-->

Monday 20 December 2010

New Pentaho Kettle book

 

Hi all,

Last year, at the same time, I wrote and article about the first Pentaho book published. Simply called Pentaho Solutions, this book covers the basics of datawarehousing and Pentaho tools. You can find the original article here and order this valuable book here.

Recently, I received my own review copy of a long awaited Pentaho book : Pentaho Kettle Solutions – Building Open Source ETL Solutions with Pentaho Data Integration.

Thanks to Roland, Matt and Jos for sending me this new book.

image

ISBN: 978-0-470-63517-9

Matt Casters is the Pentaho Chief of Data Integration and Kettle founder (Kettle’s dad, it’s him). Have a look to his prolific blog here.
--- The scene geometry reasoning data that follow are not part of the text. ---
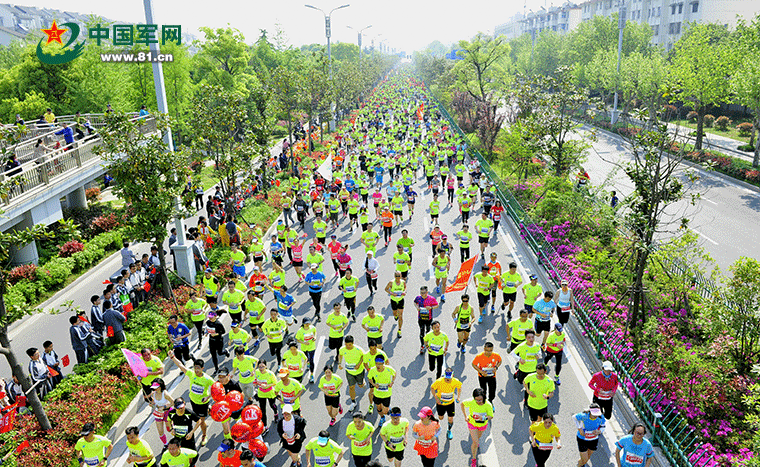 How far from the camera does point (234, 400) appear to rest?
8820 millimetres

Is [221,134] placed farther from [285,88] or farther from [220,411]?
[220,411]

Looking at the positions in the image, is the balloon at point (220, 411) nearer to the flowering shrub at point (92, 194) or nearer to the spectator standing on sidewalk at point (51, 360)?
the spectator standing on sidewalk at point (51, 360)

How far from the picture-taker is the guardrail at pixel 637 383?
8375 mm

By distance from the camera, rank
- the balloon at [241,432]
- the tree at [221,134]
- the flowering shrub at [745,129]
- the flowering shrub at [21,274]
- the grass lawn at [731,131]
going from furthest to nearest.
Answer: the flowering shrub at [745,129] → the grass lawn at [731,131] → the tree at [221,134] → the flowering shrub at [21,274] → the balloon at [241,432]

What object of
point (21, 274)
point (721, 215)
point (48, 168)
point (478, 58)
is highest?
point (478, 58)

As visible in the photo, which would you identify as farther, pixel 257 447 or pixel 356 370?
pixel 356 370

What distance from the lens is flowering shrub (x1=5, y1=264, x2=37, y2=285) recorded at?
16688 mm

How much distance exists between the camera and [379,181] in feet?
85.6

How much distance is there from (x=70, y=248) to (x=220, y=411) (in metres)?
13.7

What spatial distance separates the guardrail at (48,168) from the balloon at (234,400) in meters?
10.3

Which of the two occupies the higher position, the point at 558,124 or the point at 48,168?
the point at 558,124

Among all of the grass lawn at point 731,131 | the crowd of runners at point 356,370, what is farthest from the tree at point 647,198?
the grass lawn at point 731,131

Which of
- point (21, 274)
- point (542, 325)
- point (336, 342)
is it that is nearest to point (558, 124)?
point (542, 325)

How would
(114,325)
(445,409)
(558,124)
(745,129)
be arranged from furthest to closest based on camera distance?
(745,129) < (558,124) < (114,325) < (445,409) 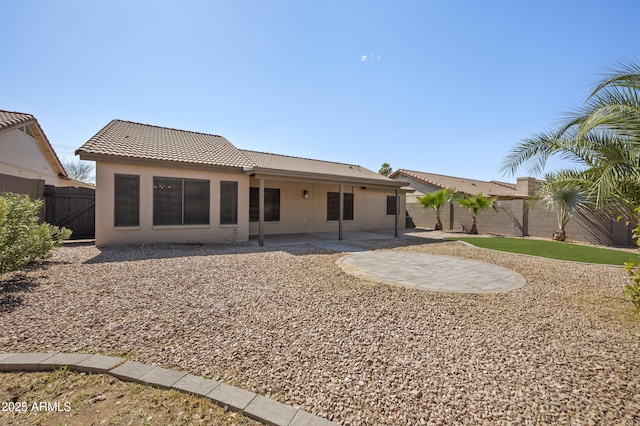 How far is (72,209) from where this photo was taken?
11.8m

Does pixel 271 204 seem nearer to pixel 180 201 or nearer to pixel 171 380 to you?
pixel 180 201

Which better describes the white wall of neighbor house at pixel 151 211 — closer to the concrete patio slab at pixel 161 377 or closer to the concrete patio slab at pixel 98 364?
the concrete patio slab at pixel 98 364

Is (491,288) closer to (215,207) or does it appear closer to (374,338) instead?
(374,338)

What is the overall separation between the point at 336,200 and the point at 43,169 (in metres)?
15.6

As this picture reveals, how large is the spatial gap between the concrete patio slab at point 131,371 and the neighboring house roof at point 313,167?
28.3 feet

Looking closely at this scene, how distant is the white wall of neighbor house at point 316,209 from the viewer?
14381mm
Roland is an IT expert, ranging from web application development and business process analysis to business intelligence. He co-authored the MySQL Cluster 5.1 Certification Study Guide. Please, have a look to his blog.
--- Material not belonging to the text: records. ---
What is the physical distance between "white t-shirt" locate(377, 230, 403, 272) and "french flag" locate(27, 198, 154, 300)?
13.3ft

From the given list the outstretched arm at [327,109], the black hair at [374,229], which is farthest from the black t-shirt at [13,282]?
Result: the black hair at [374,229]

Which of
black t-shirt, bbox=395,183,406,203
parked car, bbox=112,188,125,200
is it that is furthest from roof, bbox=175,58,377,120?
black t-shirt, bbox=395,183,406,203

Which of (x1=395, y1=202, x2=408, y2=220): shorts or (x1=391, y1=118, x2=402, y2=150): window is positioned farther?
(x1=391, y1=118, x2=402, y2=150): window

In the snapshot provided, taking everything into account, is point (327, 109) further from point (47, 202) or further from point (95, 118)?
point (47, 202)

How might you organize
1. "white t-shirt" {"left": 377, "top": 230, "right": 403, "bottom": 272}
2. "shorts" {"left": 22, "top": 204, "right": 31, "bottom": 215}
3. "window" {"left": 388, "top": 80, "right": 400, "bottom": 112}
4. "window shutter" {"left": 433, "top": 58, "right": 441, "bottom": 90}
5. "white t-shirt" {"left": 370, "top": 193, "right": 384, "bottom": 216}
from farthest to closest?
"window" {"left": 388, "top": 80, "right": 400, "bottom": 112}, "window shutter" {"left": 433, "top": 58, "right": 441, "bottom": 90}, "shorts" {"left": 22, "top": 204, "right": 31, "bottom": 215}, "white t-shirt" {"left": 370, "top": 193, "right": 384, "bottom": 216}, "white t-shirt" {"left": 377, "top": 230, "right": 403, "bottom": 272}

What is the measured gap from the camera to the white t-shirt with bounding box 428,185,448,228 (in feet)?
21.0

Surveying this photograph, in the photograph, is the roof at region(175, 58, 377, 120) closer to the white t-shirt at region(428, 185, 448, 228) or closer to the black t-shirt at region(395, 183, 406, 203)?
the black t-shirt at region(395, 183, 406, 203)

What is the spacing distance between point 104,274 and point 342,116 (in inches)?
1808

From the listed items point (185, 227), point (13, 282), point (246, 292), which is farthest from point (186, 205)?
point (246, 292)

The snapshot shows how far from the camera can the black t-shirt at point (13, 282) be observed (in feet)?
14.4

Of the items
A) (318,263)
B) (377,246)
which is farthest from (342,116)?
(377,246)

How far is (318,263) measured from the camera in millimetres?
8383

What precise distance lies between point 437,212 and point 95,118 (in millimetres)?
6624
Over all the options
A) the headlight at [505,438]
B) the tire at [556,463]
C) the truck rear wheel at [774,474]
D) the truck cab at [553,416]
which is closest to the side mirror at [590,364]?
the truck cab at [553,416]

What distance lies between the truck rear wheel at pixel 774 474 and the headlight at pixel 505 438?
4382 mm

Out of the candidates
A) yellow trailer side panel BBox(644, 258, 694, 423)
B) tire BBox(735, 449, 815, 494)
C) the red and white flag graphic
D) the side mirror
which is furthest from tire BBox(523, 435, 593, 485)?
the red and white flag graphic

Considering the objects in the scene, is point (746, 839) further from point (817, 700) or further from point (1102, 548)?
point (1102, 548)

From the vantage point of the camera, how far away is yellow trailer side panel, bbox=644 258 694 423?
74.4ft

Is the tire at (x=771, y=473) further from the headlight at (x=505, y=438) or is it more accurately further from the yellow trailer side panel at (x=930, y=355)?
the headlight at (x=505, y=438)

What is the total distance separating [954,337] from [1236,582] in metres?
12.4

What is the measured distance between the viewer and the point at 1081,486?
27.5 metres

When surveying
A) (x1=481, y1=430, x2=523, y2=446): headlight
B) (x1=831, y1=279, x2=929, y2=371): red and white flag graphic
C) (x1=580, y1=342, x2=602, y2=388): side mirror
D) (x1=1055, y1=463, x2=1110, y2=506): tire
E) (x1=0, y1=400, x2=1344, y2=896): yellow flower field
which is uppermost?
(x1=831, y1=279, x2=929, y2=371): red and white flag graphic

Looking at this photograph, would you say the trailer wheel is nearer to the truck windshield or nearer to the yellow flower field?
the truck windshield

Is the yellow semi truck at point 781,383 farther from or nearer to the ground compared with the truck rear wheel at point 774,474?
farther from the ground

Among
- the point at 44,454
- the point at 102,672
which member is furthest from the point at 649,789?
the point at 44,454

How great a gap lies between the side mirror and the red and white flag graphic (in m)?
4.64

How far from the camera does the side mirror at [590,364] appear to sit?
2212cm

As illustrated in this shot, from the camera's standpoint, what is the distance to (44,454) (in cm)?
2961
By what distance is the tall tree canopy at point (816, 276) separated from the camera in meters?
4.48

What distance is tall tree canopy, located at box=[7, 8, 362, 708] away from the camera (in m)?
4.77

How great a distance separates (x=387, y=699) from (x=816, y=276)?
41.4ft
Jos is a BI expert with more than 15 years of experience. He created Tholis Consulting and is also covering BI developments for the Dutch Database Magazine.

 

What is this book about ?

The first book, Pentaho Solutions, was aimed at discovering the basics of BI and Pentaho usage. Now, with this new book, we go deeper into hardcode dataprocessing and datawarehousing using Kettle. But it is not exclusively focused on Kettle : a strong emphasis is placed on data processing basics, technics and theory (Codd vs Kimbal …). Reading this book will get you to the next upper level on these two topics :

  • Data processing and how to build / feed a datawarehouse,
  • Kettle development, customization and advanced usage.

 

Book summary

  • Introduction
    • What’s an ETL and what are Kettle key concepts
    • How to install Kettle and configure it
    • Real life example : Sakila datawarehouse
  • ETL and ETL subsystems
    • What are the famous ETL Subsystems (Kimabal). A very detailed and inspiring chapter.
    • Extraction
    • Cleansing and conforming
    • Handling dimension tables
    • Loading facts tables
    • Working with OLAP data.
  • Management and deployment
    • Typical ETL development lifecycle. A must read here !
    • Scheduling and monitoring
    • Versioning
    • Lineage and auditing.
  • Performance and scalability
    • Performance tuning. Here again, a must read that will give you precious information on how to make your Kettle set up reach the hills of performance and stability.
    • Parallelization, clustering and Partitioning : my favorite. You have big data and / or strong constraints ? Think parallel and start building your own Kettle cluster / parallel set up. As to me, the best chapter ever written on this topic, all ETLs included.
    • Dynamic clustering in the cloud. Once again my favorite. You all know my passion for Cloud Computing ! Very technical article, you need real experience on using AWS tools and APIs.
  • Advanced topics
    • Data Vault Management : interesting concept. You will learn about Data Vault and discover this mixed (Codd with 3NF / Kimbal with star schema) approach in detail.
    • Handling complex data formats.
    • Web Services. I love that one too ! More and more datawarehouses are now feeded by using web services. Learn how to feed yours by leveraging Kettle.
    • Kettle integration
    • Extending Kettle. Yummy ! If, like me, you created your own Kettle plugins or want to, this chapter is a must read. Java programing experience is needed.
  • The Kettle Ecosystem
    • Kettle enterprise edition features : comparative matrix.
    • Built in variables and properties reference : a must read in order to be aware of Kettle internals, and be able to create fully automatised / self sufficient jobs.

My opinion

This book is a fantastic concentration of knowledge. You will learn from ETL basics, advanced topics, performance management, Kettle development and cloud dataprocessing. Matt, Roland and Jos met a risky challenge : writing a book that do the splits from basic knowledge to high level technics while staying focused on how to use Kettle to solve actual and concrete data problems.

They succeeded.

This book is now sitting on my reference BI shelf, it entered my personal BI Book Hall of Fame.

10 comments:

Sylvain (osbi.fr) said...
This comment has been removed by the author.
Sylvain (osbi.fr) said...

Hi Vincent

I totally agree with you: "Pentaho Kettle Solutions" is a 3 stars book on ETL/data warehousing with Kettle.
More info on other books about Pentaho here (Pentaho User Group France)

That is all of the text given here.